The world building too is excellent, painting the landscape as drab and grey and bringing the city to life without bogging the story down with too much detail. We even get some small glimpses of the world beyond the city and there are one or two mystery characters that we need to know more about but really it’s just enough for colour, to keep things interesting.
There are, as I mentioned, some issues. There’s a half-hearted attempt to cobble a love story together between Vin and the son of a noble which is neither believable nor fully realised but the biggest downfall for me was also the biggest success – the magic system. In order to explain it we are treated to way too many passages of pure exposition, not quite in the “As you know, Bob…” vain, but often not far away. There are pages where it reads a bit like an Allomancers owners manual and a couple of times I felt sure that, after he’d had Kelsier or Vin perform some miracle feat, he’d had to go back a couple of chapters and shoe-horn in a passage of exposition just to foreshadow what he’d just written, it seems that obvious. I reckon The Final Empire could shave 100 pages off the word count easily if there’d been a bit more show-don’t-tell, but given that Mr Sanderson seems to be knocking out three books a year, not including the Wheel Of Time stuff, he’s maybe stretched a little too thin for much self-editing.
However, I’m prepared to look beyond this irritation because the book as a whole makes for a good read.
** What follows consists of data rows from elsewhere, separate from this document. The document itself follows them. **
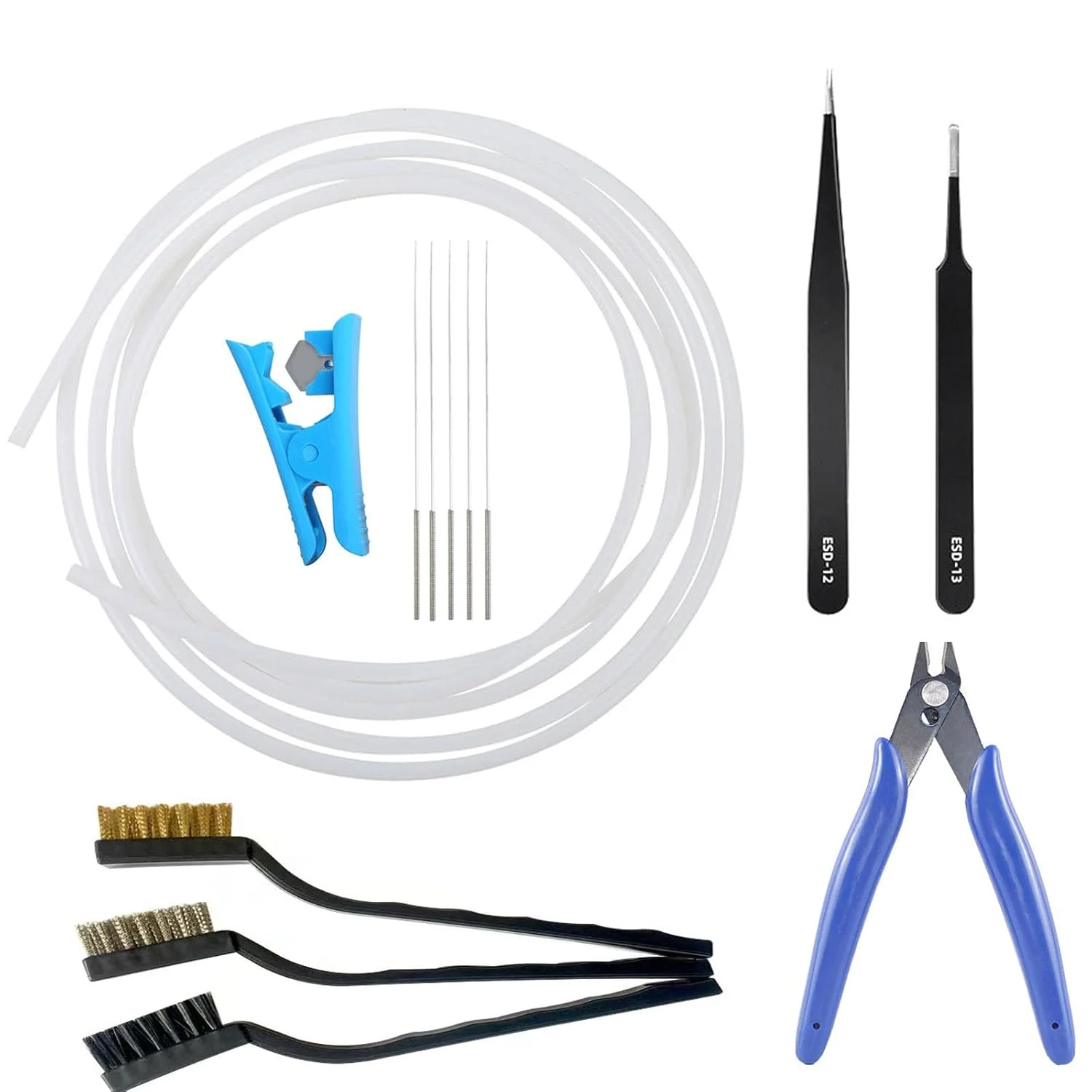کیت لوله PTFE فوق العاده صاف 2 متری، 2.5 میلی متر ID/4.0 میلی متر OD، برای Bambu Lab A1/A1 mini/P1P/P1S/X1C، برای Creality K1، K1 Max، Ender 3 V3، به همراه کاتر لوله، سوزن های تمیز کننده نازل، موچین، برس سیمی، انبردست
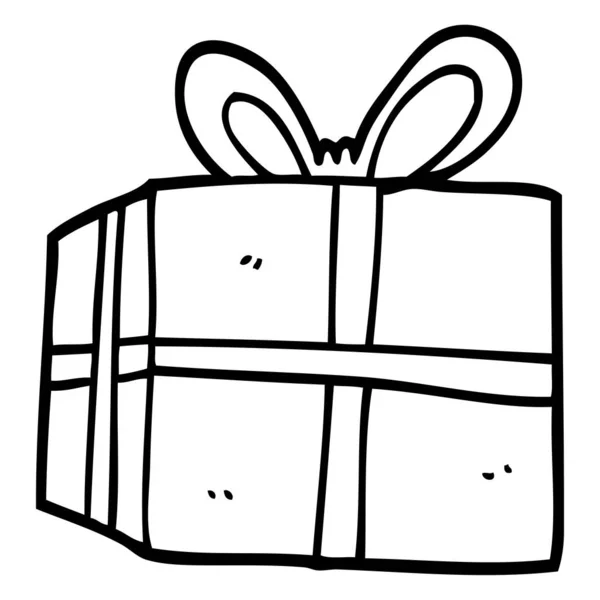 Line Drawing Cartoon Wrapped Present — Stock Vector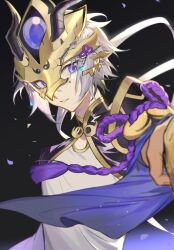 Rule 34 | 1boy, aleo, commentary, fate/grand order, fate (series), grey hair, high collar, highres, horns, male focus, mask, parted lips, petals, prince of lan ling (fate), purple eyes, short hair, sideways glance, solo, tagme, upper body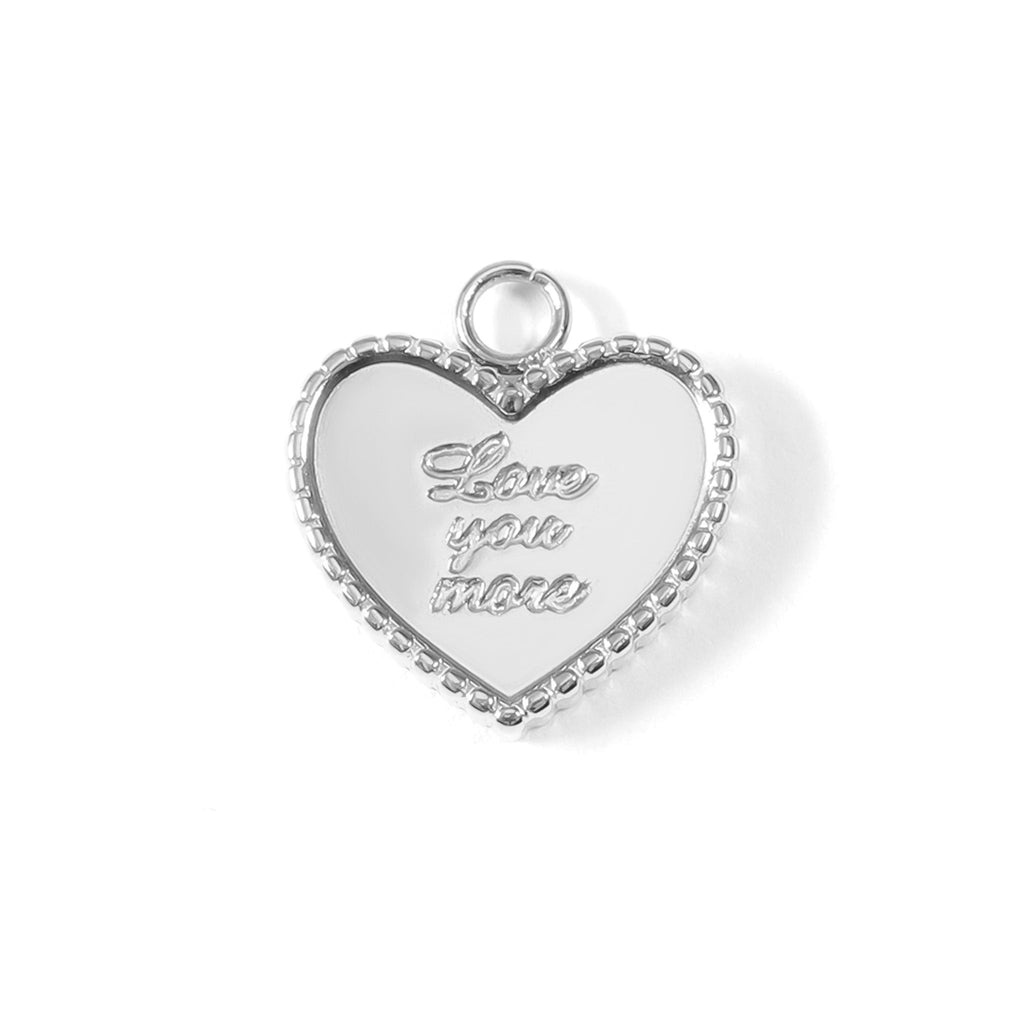 18K Gold Heart Charm – Engraved Love You More Pendant | Durable Stainless Steel Jewelry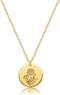 Dremmy Studios Birthday Flower Pendant Necklace 18K Gold Plated Exquisite Minimalist Birthday Flower Disc Pendant Carved Coin Necklace Minimalist Exquisite Customized Gift for Mom and Daughter, Metal, No Gems
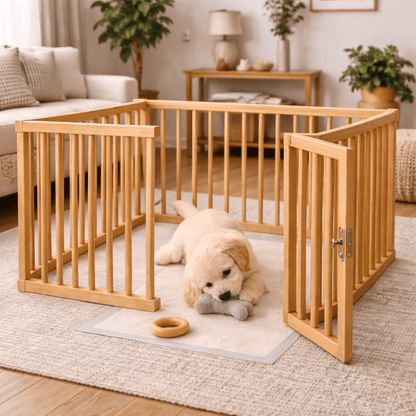 Wooden Dog Playpen for Indoor Use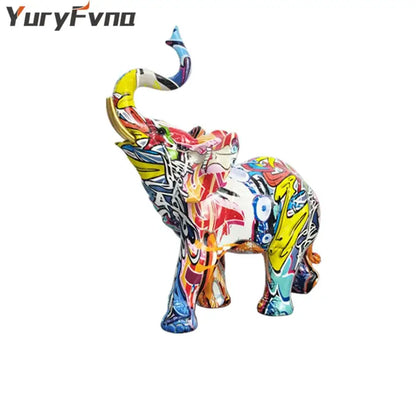 Vibrant graffiti resin elephant sculpture with bold colorful abstract patterns for living room decorbites elephant sculpture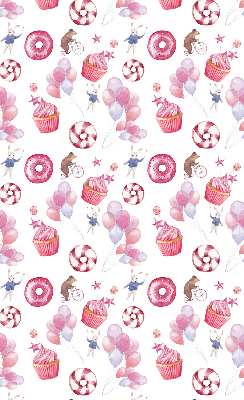 Blackout roller blind for window Pink balloons, donuts, and bunnies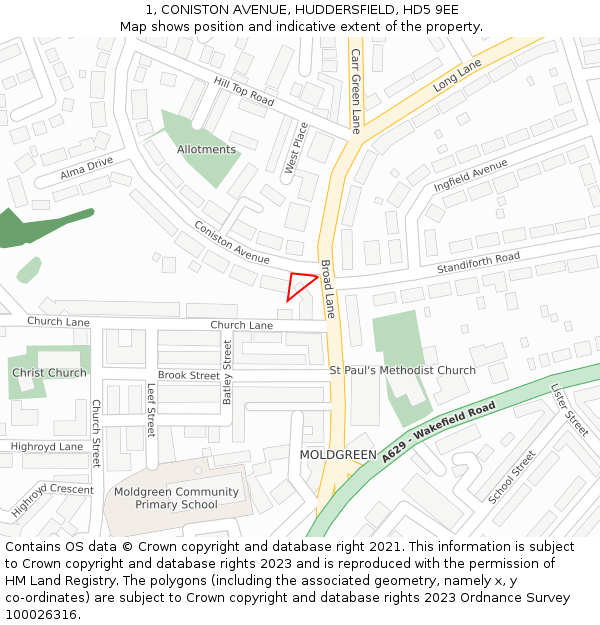 1, CONISTON AVENUE, HUDDERSFIELD, HD5 9EE: Location map and indicative extent of plot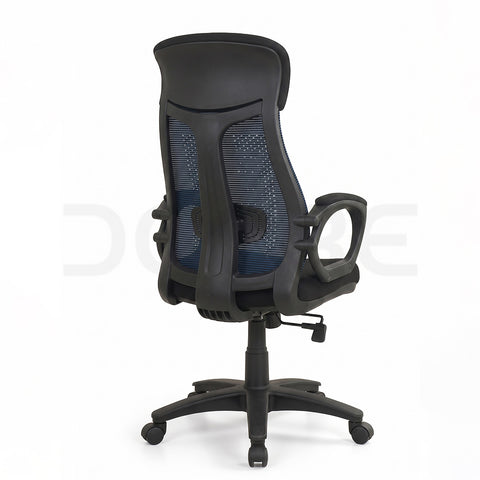 Ergonomic Blue Mesh Back Office Chair with Headrest - DCORE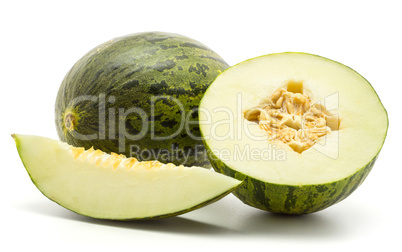 Santa Claus melon isolated on white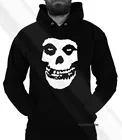 Толстовка с капюшоном, череп, череп, Черная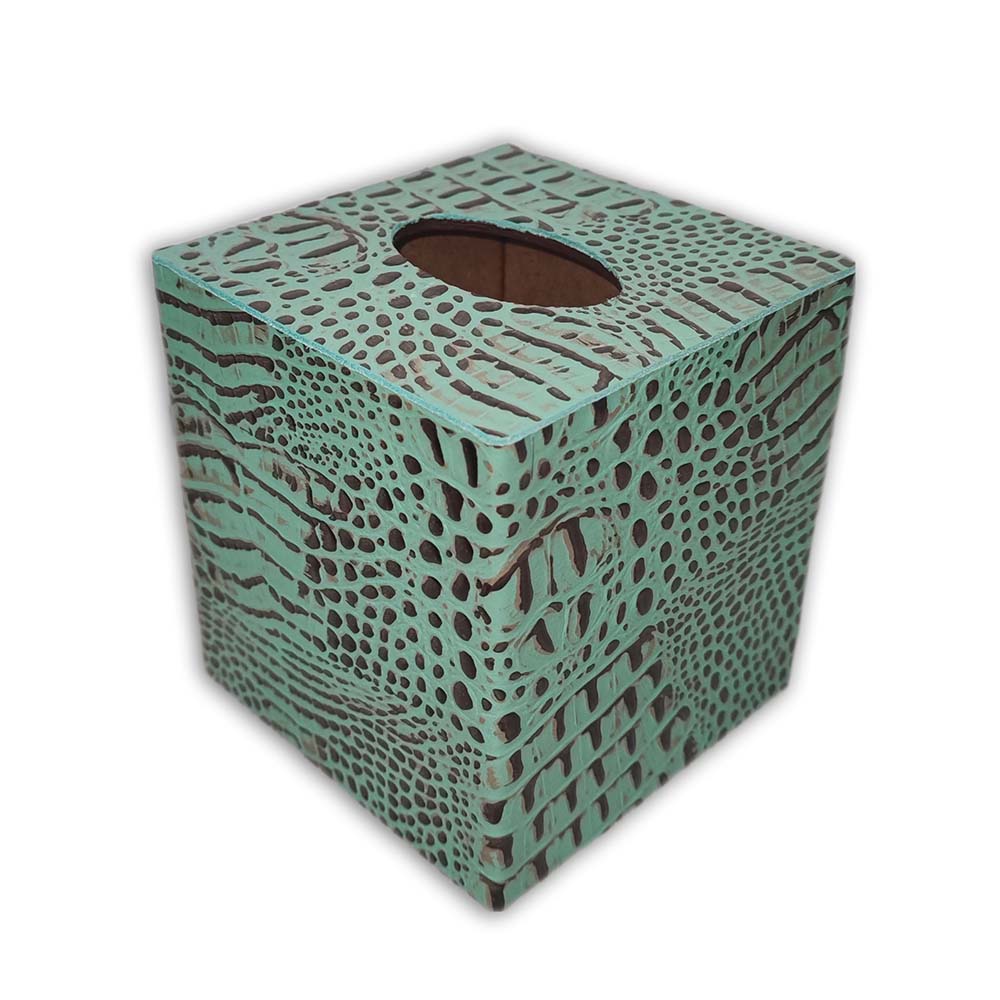 Tissue Box Cover, Croc Turquoise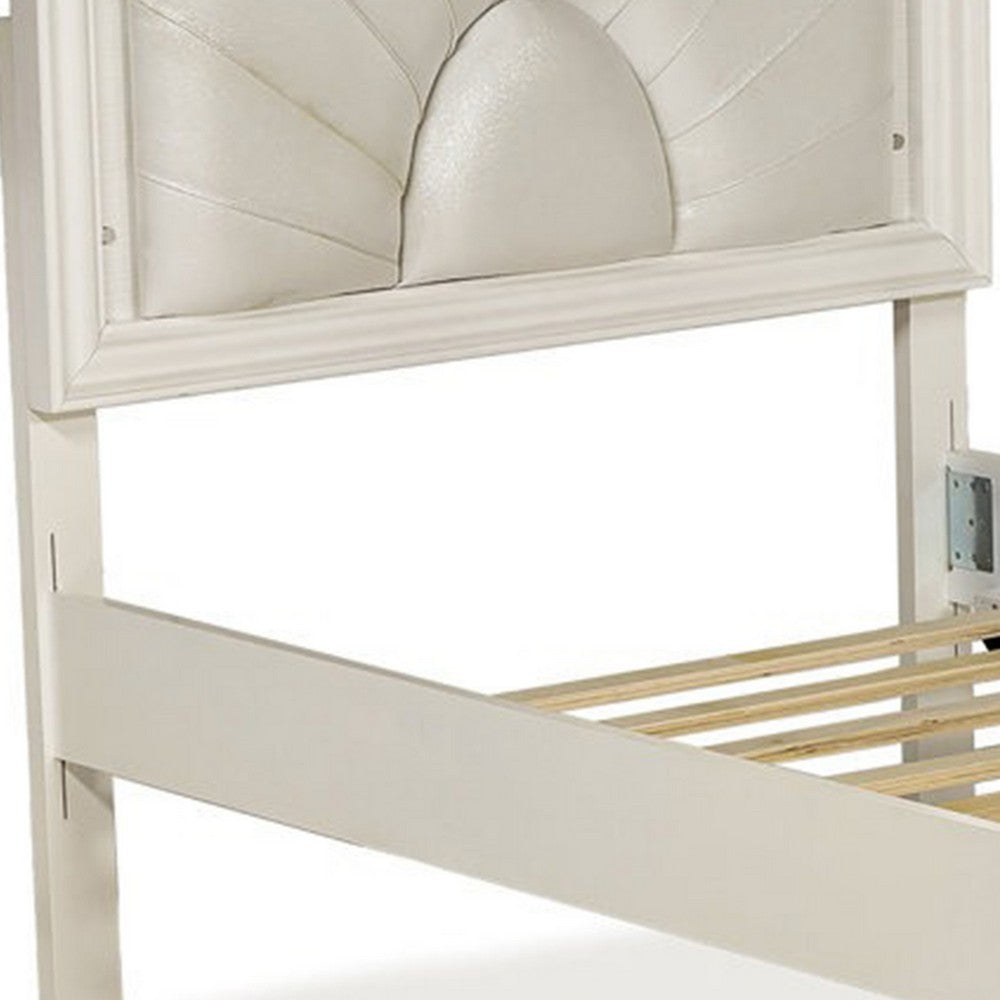 Jisoo Full Size Bed, Pearl White Upholstery, Radial Arch Headboard - BM342395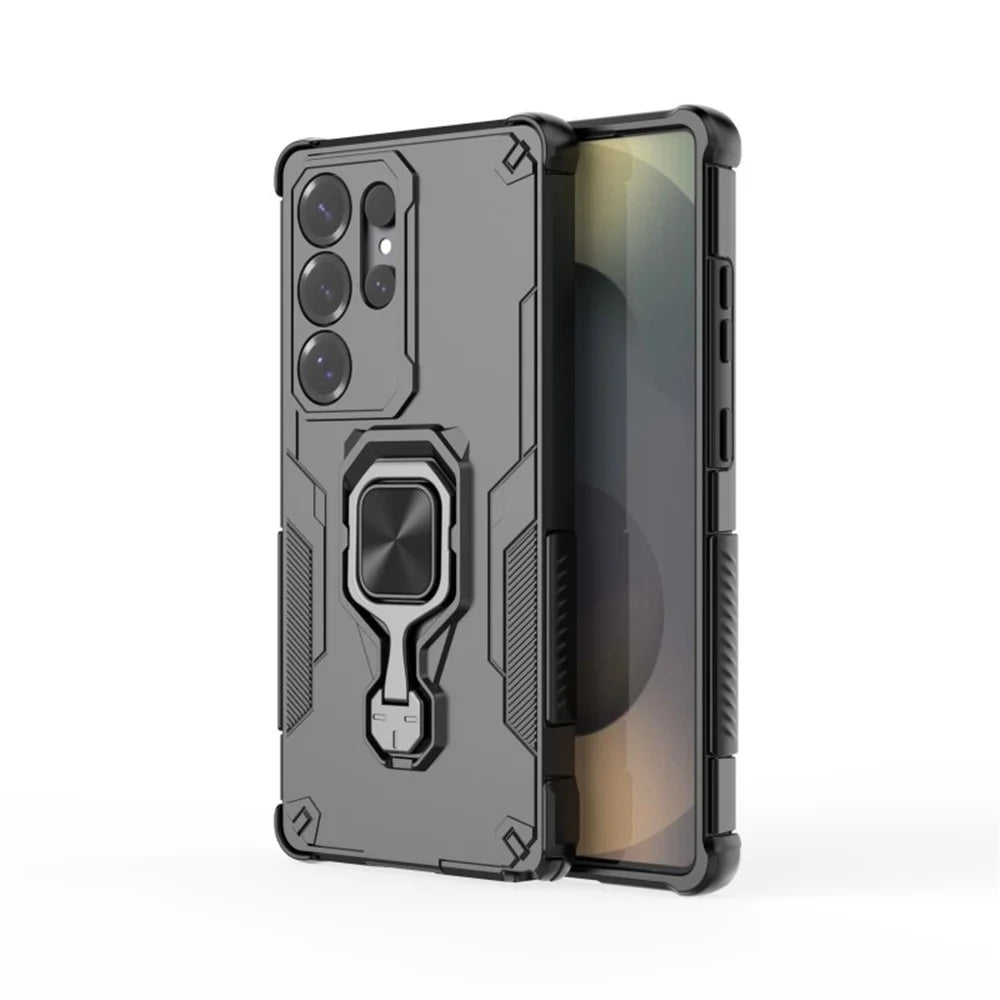 WANLONFENG For Samsung Galaxy S25 Ultra Phone Case  PC TPU Back Cover Kickstand with Tempered Glass - Black - 2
The story is exciting, the characters are entertaining, the ending was different to what I’d expected so the surprise was cool and all-in-all I’m glad I spent the time with it. It also wraps up quite nicely so if you want to read the rest of the series you can, but equally you could walk away, happy that there’s no major cliffhangers to ruin your sleep. Yes, Mr Sanderson can definitely write, and if you’ve not read him before you’re in for a treat.